Todo esto es lo que reconoce el Premio Nobel 2010 en Fisiología y Medicina, que, si por algo puede ser criticado, es por haber llegado tarde, como demuestra el hecho de que el compañero de R. Edwards, el doctor Steptoe, ya no vive para ver reconocido, al fin, el trabajo de ambos.
En cualquier caso, uno esperaría que el hoy valetudinario doctor Edwards, quien, con seguridad, no va a enterarse bien del premio, recibiese el aplauso, el agradecimiento y la admiración de todo el mundo por su servicio a la humanidad.
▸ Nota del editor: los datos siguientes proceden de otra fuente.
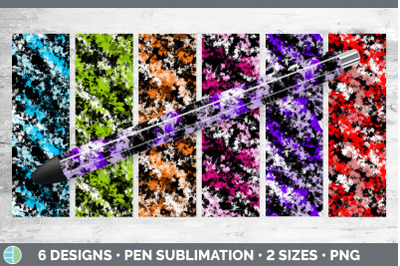 Paint Dabs Pen Wraps | Paint Splat Epoxy Pen Sublimation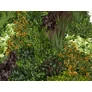 Kép 2/8 - GreenWall Mesterséges Növényfal Panel, 1 m² (Crimson) | Gondozásmentes Zöldfal Kültérre és Beltérre - UV-stabil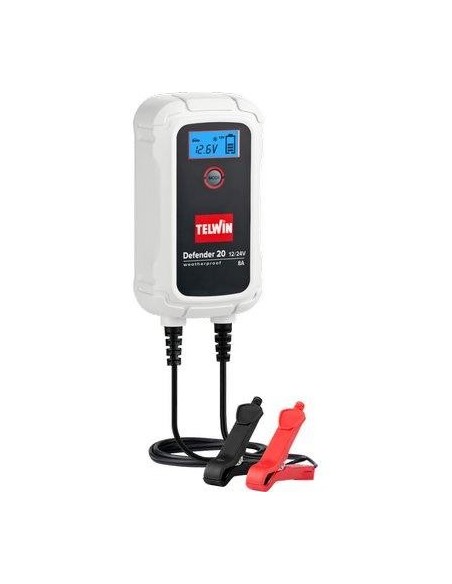CARICABATTERIA DEFENDER 20 NEW TELWIN BOOST VOLT 12/24 AH 5/180
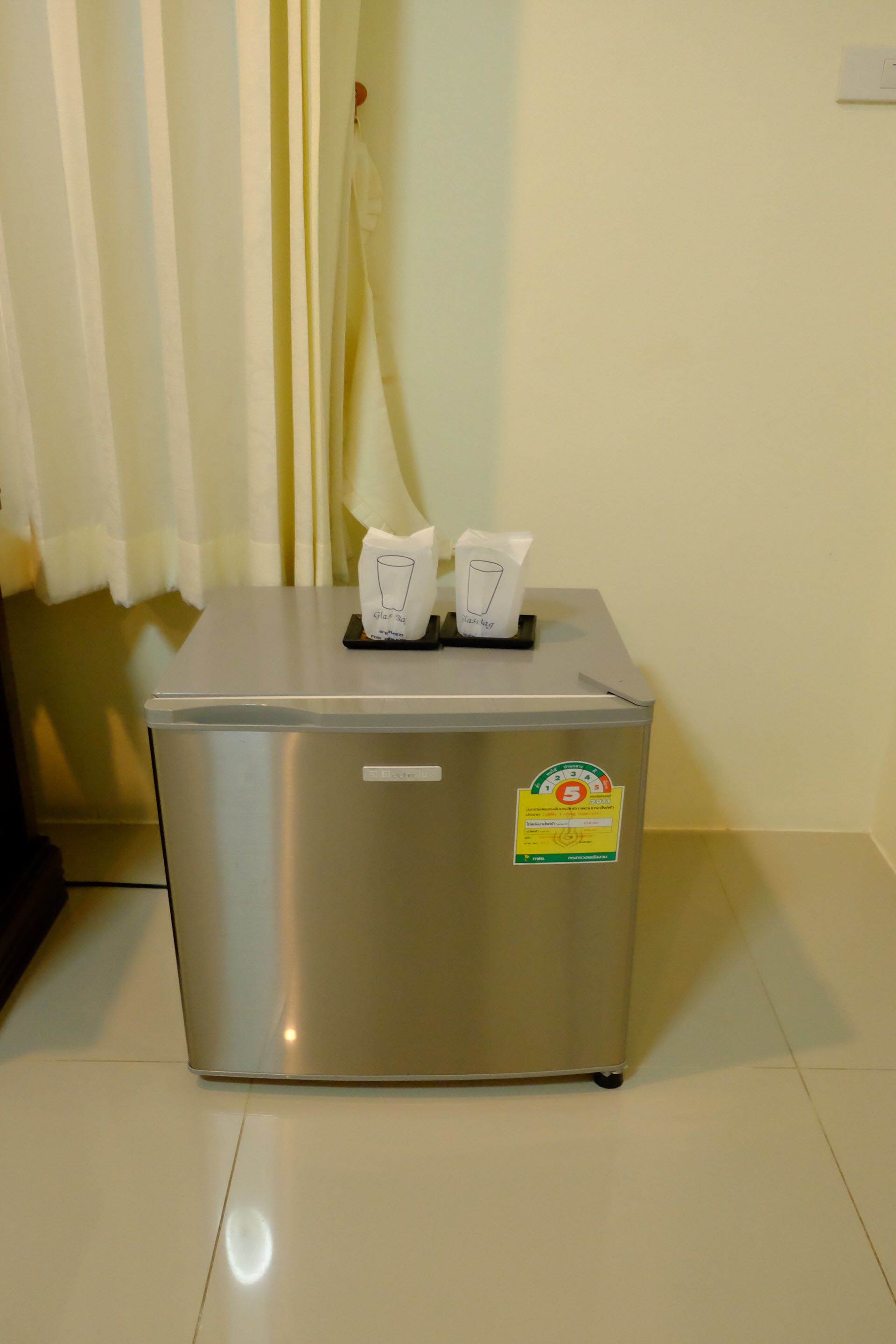 superior room | mini fridge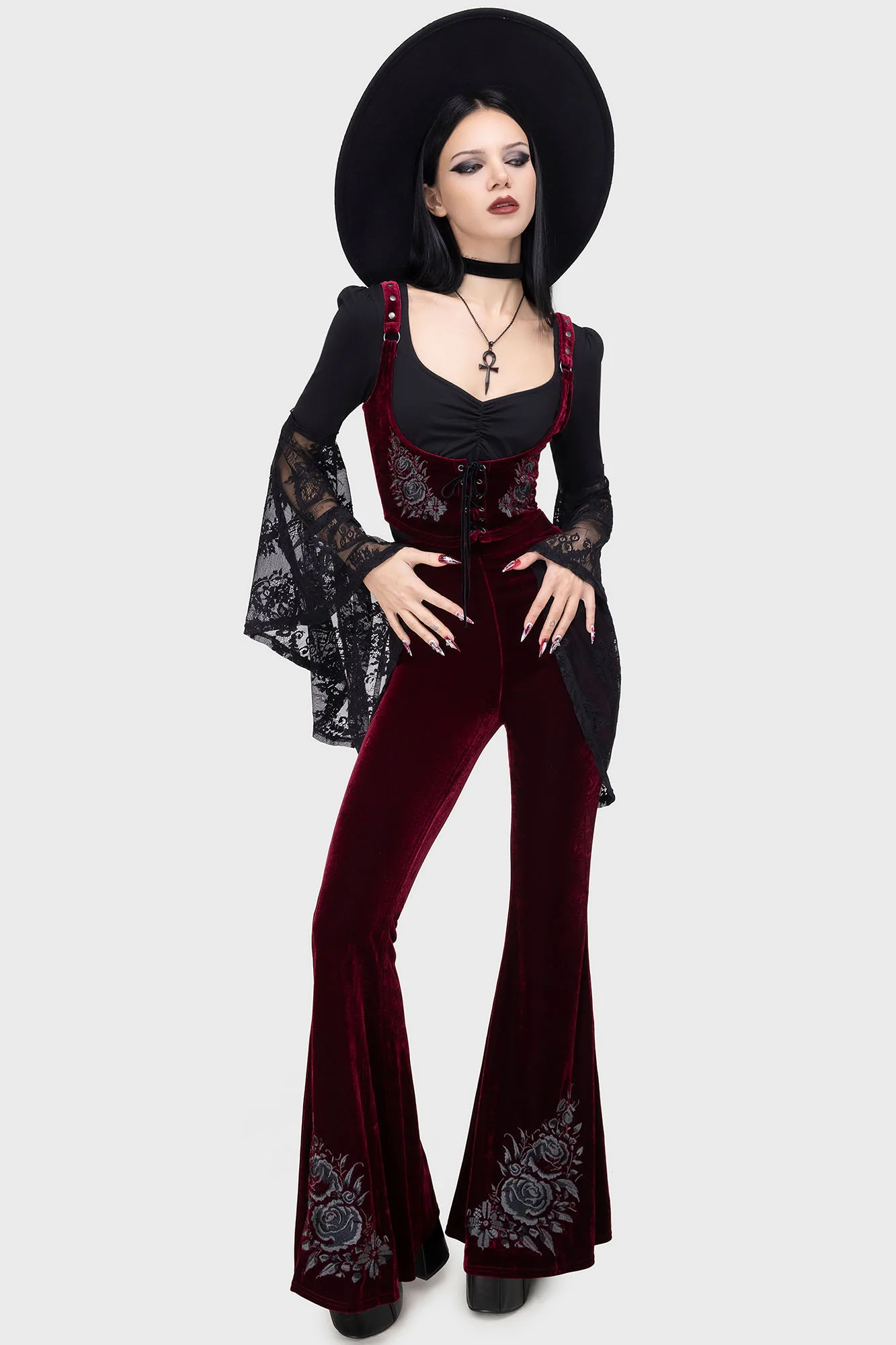 A Devil's Rose Underbust Corset Top - Image 2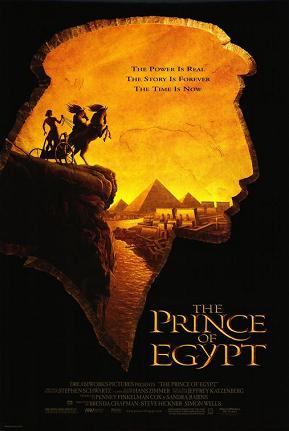 Film poster for The Prince of Egypt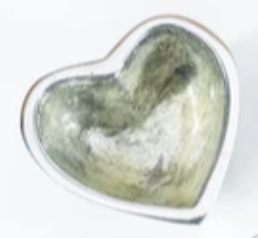 Mini Glitter Heart Dish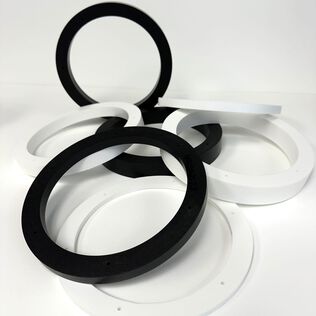 Speaker Spacer Rings for JL Audio 7.7" M3/M6/M/MX 770 Speakers, Sold as a Pair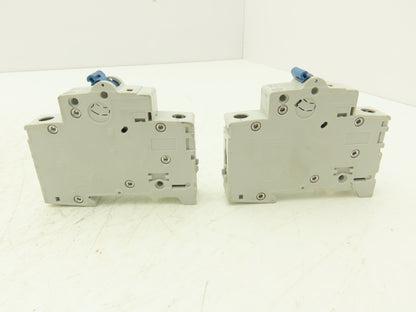 Allen Bradley 1492-D1C060 Mini Circuit Breaker 6A 1-Pole 220V 1PH Ser D Lot of 2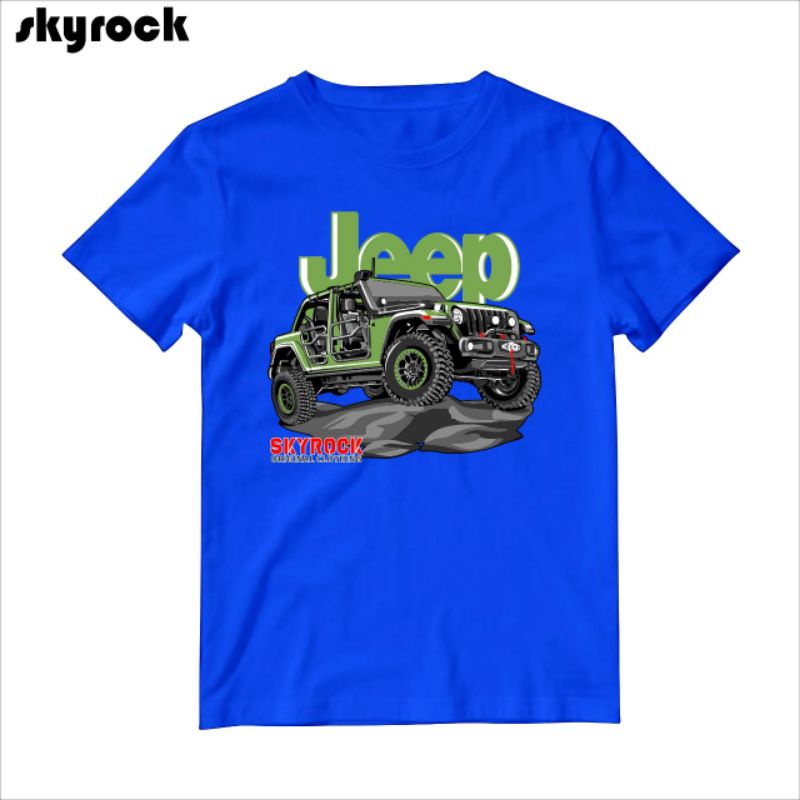 Kaos Distro Anak Series Mobil  kaos offroad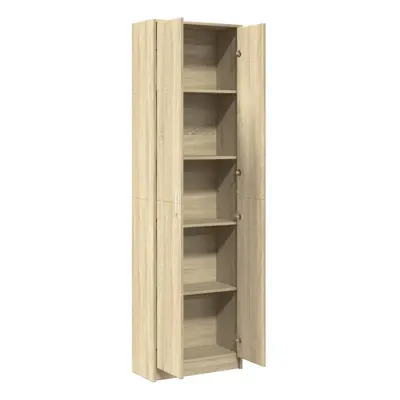 vidaXL Hallway Wardrobe Armoire Storage Cabinet Sonoma Oak Engineered Wood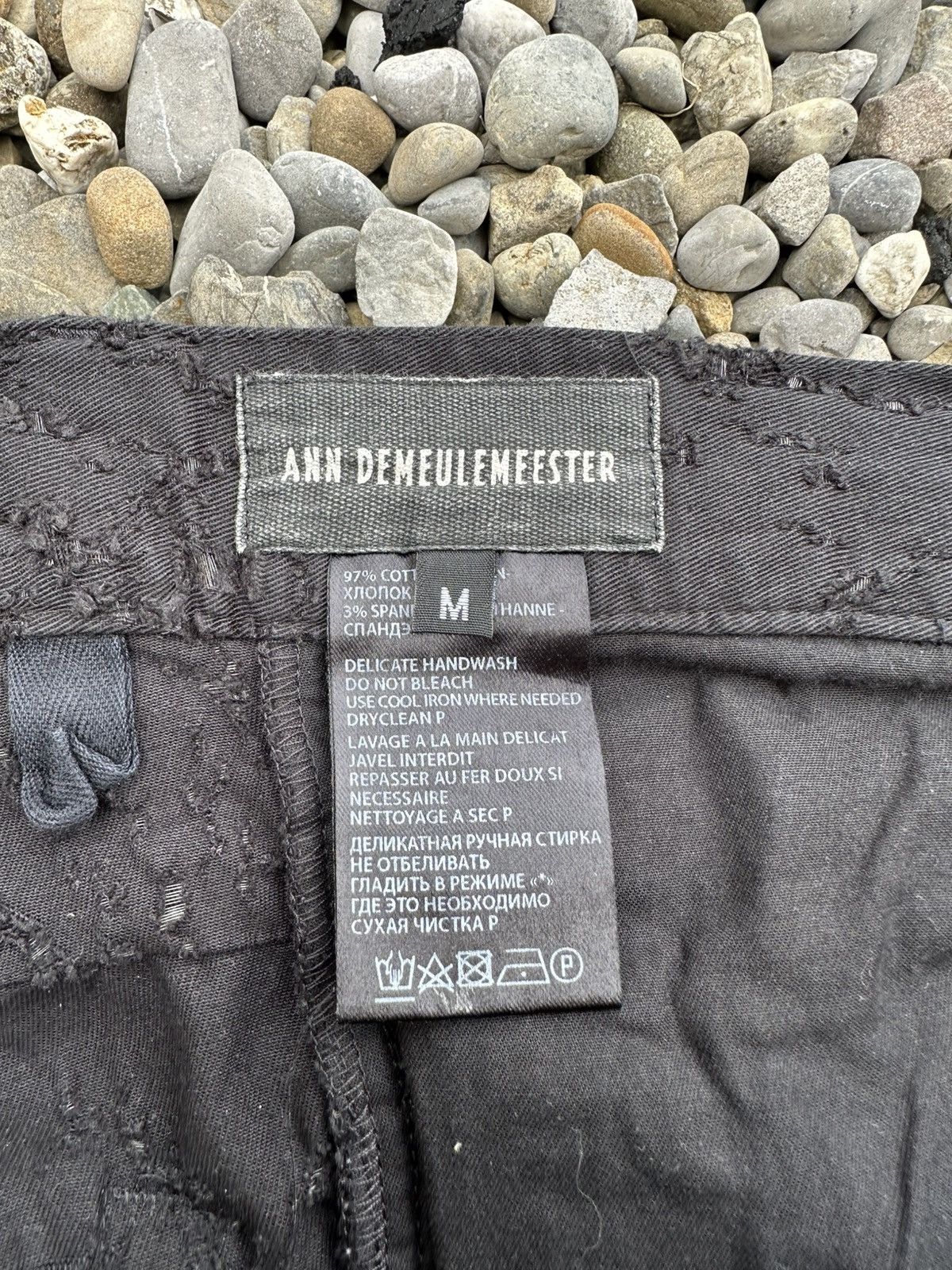 Ann Demeulemeester Ann Demeulemeester Distressed Black Slim Cut Denim Size US 32 / EU 48 - 5 Thumbnail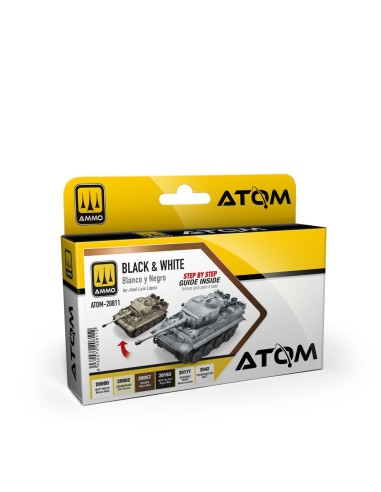 ATOM Black & White Technique Set 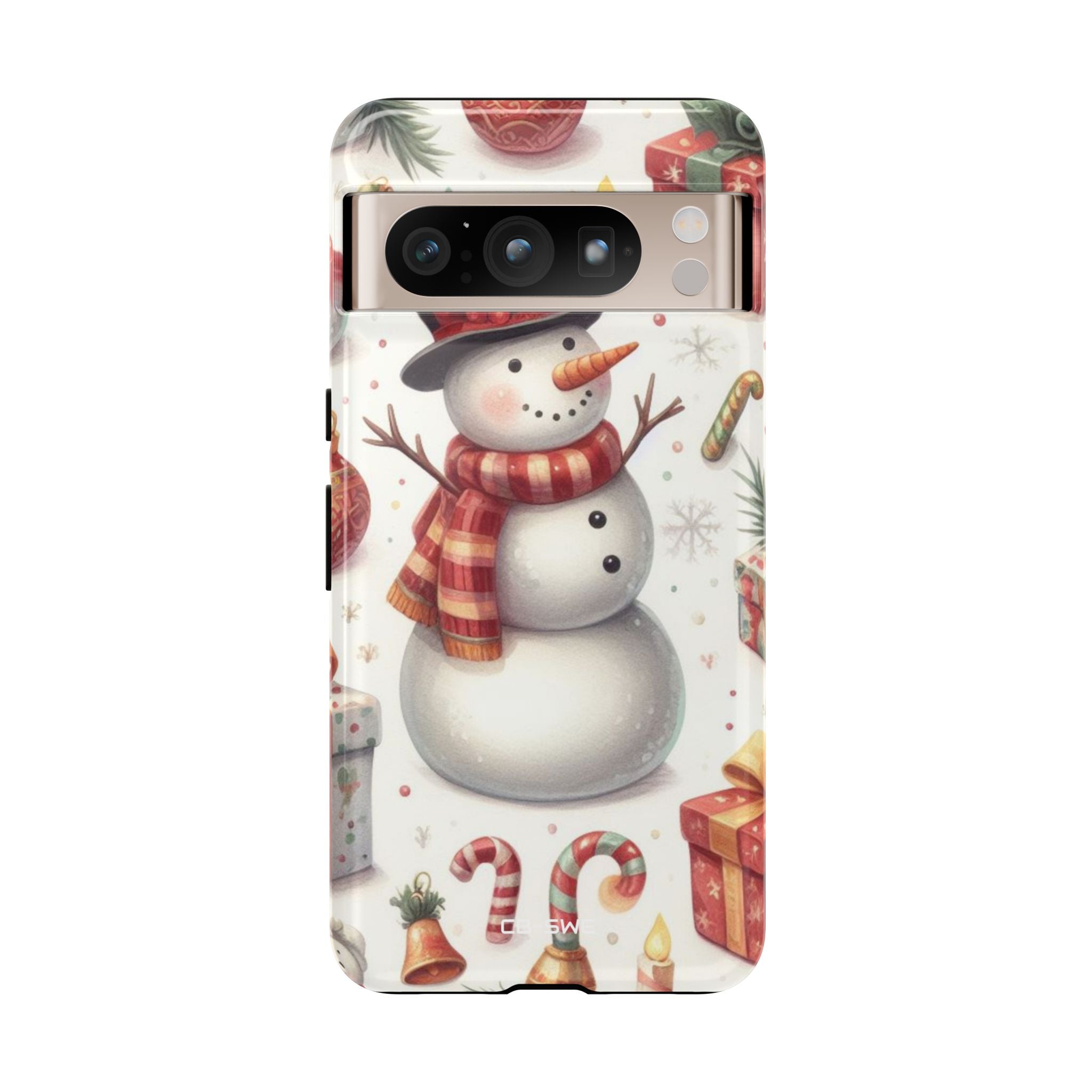 Snowman Wears Scarf - Google Pixel Case
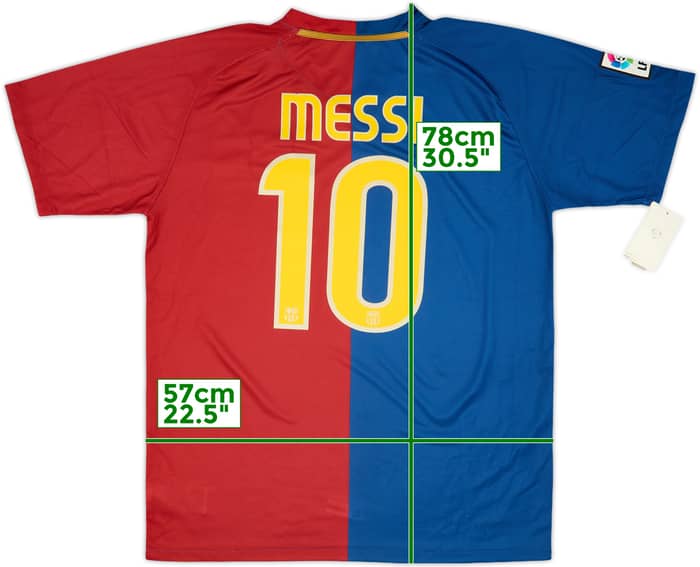 2008-09 Barcelona Home Shirt Messi #10 (XL)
Al fin y al cabo, ya decía Hipócrates aquello de que "donde hay amor a la ciencia médica, hay amor a la humanidad" y el hoy flamante premio Nobel parece haber demostrado su amor por ambas cosas, por la medicina y por la humanidad.
Pues bien, no ha sido así: obispos de todo el orbe cristiano, como el director de la Academia Pontificia de la Vida y miembro del Opus Dei, monseñor Carrasco de Paula, han puesto el grito en su cielo condenando la concesión del Premio Nobel al doctor Edwards, la técnica de FIV y el diagnóstico genético, con la misma contumacia con la que sus predecesores condenaron en el pasado la vacuna o la anestesia, o con la que sus colegas siguen condenando hoy la utilización de las células madre embrionarias para la investigación.
No deberíamos suponer que las iglesias en general y la católica en particular adoptan esas posturas en contra del progreso científico por pura misantropía, o por simple ignorancia, sino porque se basan en un corpus doctrinal arcaico, en gran medida de origen neoplatónico, pero que es considerado sagrado e inmutable.
Las iglesias, en efecto, parecen estar en contra de la fecundación in vitro y de las otras técnicas afines, porque a lo largo de todo el proceso se desechan embriones, a los que consideran dotados de un alma inmortal.
Ahora bien, si uno se toma el esfuerzo de recorrer en la Biblia los usos del concepto que equivale a nuestra "alma", podrá constatar lo difuso y evolutivo de su contenido semántico, en el que, por otra parte, no siempre está presente la inmortalidad.
El concepto de "alma" en que se basan los obispos y sus devotos fieles para condenar muchos avances médicos actuales procede más bien de la filosofía griega que del discurso cristiano, y por ello no resulta nada extraño que el emperador Adriano, connotado y convicto pagano, de costumbres no siempre virtuosas, compusiera en su lecho de muerte unos versos que empezaban diciendo "animula vagula blandula hospes comesque corporis quae nunc abibis in loca...", o sea "almita perezosilla blandita, huésped y compañera del cuerpo, ¿a qué lugares te irás ahora...?".
Resulta sorprendente que a pesar de que la mayor parte de los avances biomédicos se han producido en los dos últimos siglos, las críticas a ellos no se basan en desarrollos filosóficos y éticos también recientes, sino en rancias concepciones neoplatónicas que resultan hoy tan trasnochadas como inconsistentes.
La negativa del Gobierno británico en su día a financiar las investigaciones del doctor Edwards, debido a presiones de las iglesias cristianas, las más recientes del Gobierno del presidente G. W. Bush a financiar investigaciones con células madre embrionarias, y las recientes condenas eclesiales a las aportaciones biomédicas del flamante premio Nobel, parecen formar parte, por lo tanto, de ese secular pensamiento anticientífico, de carácter mágico, que se resiste a pasar al desván de la historia.
Carlos Martínez-A. y Javier López Facal son profesores de investigación del CSIC.